Readers wondered whether Amy Coney Barrett joining the Supreme Court would end the 4-4 deadlock, with CJ Roberts joining with the liberals, preventing SCOTUS from reversing the Pennsylvania Supreme Court order that ballots without a verifiable postmark could still be counted. I cautioned against optimism:

From a reader: Now that we have 9 justices (thank God) can the 4-4 Robert’s “failure” be reviewed by the SC?

Answer: Yes, they filed on Friday, asking for an expedited ruling on the merits (the prior ruling was on a request for an emergency injunction). I wouldn’t get your hopes up, however, given the timing.

The Court just issued its Order denying expedited consideration, effectively ending the effort since the election is just days away. Once again, Roberts voted with the liberal. Justice Barrett did not participate.

The motion to expedite consideration of the petition for a writ of certiorari is denied. JUSTICE BARRETT took no part in the consideration or decision of this motion.

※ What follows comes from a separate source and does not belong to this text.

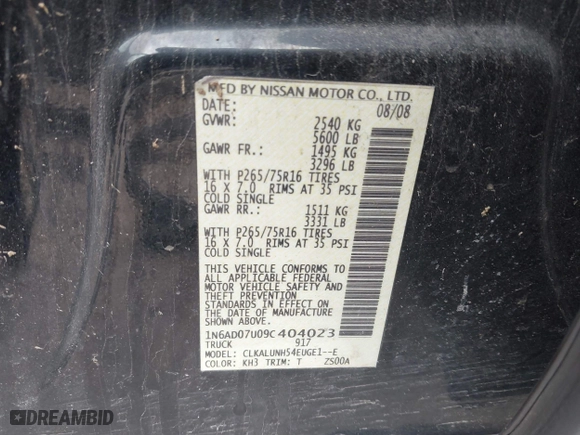 2009 Nissan Frontier SE with VIN 1N6AD07U09C404023, listed as a IAAI auction lot 41883164 with 100,724 mi miles. Bid and sale history available at carsss.com. Image 9.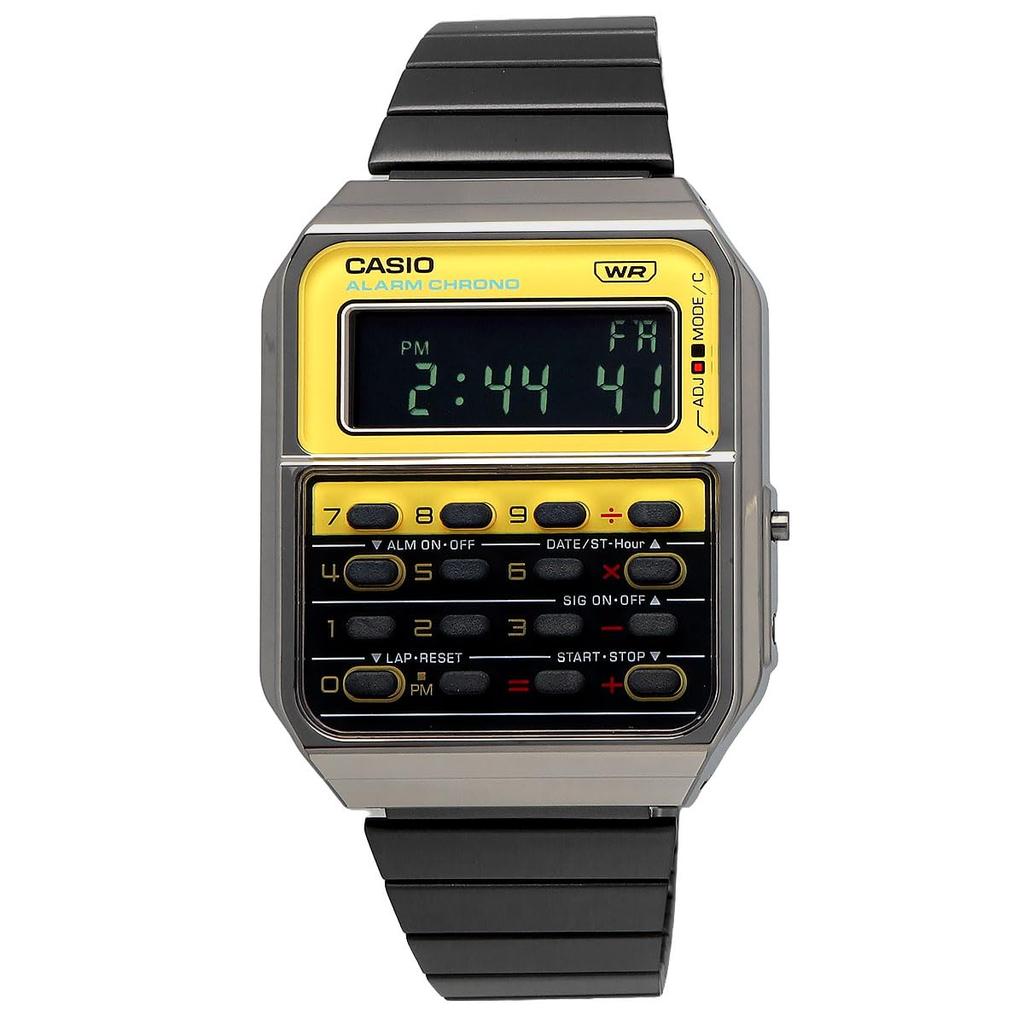 Casio Vintage Series Heritage Colors Digital Watch with Metal Gunmetal and Overseas Model CA-500WEGG-9B 8-Digit Calculator, Unisex, Band, Yellow,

Alito, joined by Thomas and Gorsuch, issued a dissent, noting that it is better to have the issue resolved before the election, not after the election. It sets up a post-election challenge already in the Supreme Court to invalidate ballots received after the legislative deadline:

The Court’s handling of the important constitutional issue raised by this matter has needlessly created conditions that could lead to serious post-election problems. The Supreme Court of Pennsylvania has issued a decree that squarely alters an important statutory provision enacted by the Pennsylvania Legislature pursuant to its authority under the Constitution of the United States to make rules governing the conduct of elections for federal office….

In the face of Act 77’s deadline, the Pennsylvania Supreme Court, by a vote of four to three, decreed that mailed ballots need not be received by election day. App. to Pet. for Cert. 80a–81a. Instead, it imposed a different rule: Ballots are to be treated as timely if they are postmarked on or before election day and are received within three days thereafter. Id., at 48a. In addition, the courto rdered that a ballot with no postmark or an illegible postmark must be regarded as timely if it is received by that same date. Id., at 48a, n. 26. The court expressly acknowledged that the statutory provision mandating receipt by election day was unambiguous and that its abrogation of that rule was not based on an interpretation of the statute….

Although there were four votes to enter a stay, the application failed by an equally divided vote. Now, in a last ditch attempt to prevent the election in Pennsylvania from being conducted under a cloud, we have been asked to grant a petition for a writ of certiorari, to expedite review, and to decide the constitutional question prior to the election.

It would be highly desirable to issue a ruling on the constitutionality of the State Supreme Court’s decision before the election….

Although the Pennsylvania Supreme Court rejected Petitioner’s request for that relief, we have been informed by the Pennsylvania Attorney General that the Secretary of the Commonwealth issued guidance today directing county boards of elections to segregate ballots received between 8:00 p.m. on November 3, 2020, and 5:00 p.m. on November 6, 2020. Nothing in the Court’s order today precludes Petitioner from applying to this Court for relief if, for some reason, it is not satisfied with the Secretary’s guidance…

If Pennsylvania makes the electoral college difference, and if the vote is close and late ballots matter, expect legal mayhem as everyone awaits the Supreme Court decision.

So why didn’t Barrett participate? We don’t know for sure, but it is likely that the Court having ruled once on an emergency basis just days ago, she didn’t want her joining the court to be a tie-breaker on a nearly identical issue. That doesn’t mean she won’t paricipate post-election, or that she will refuse to participate in other election issues.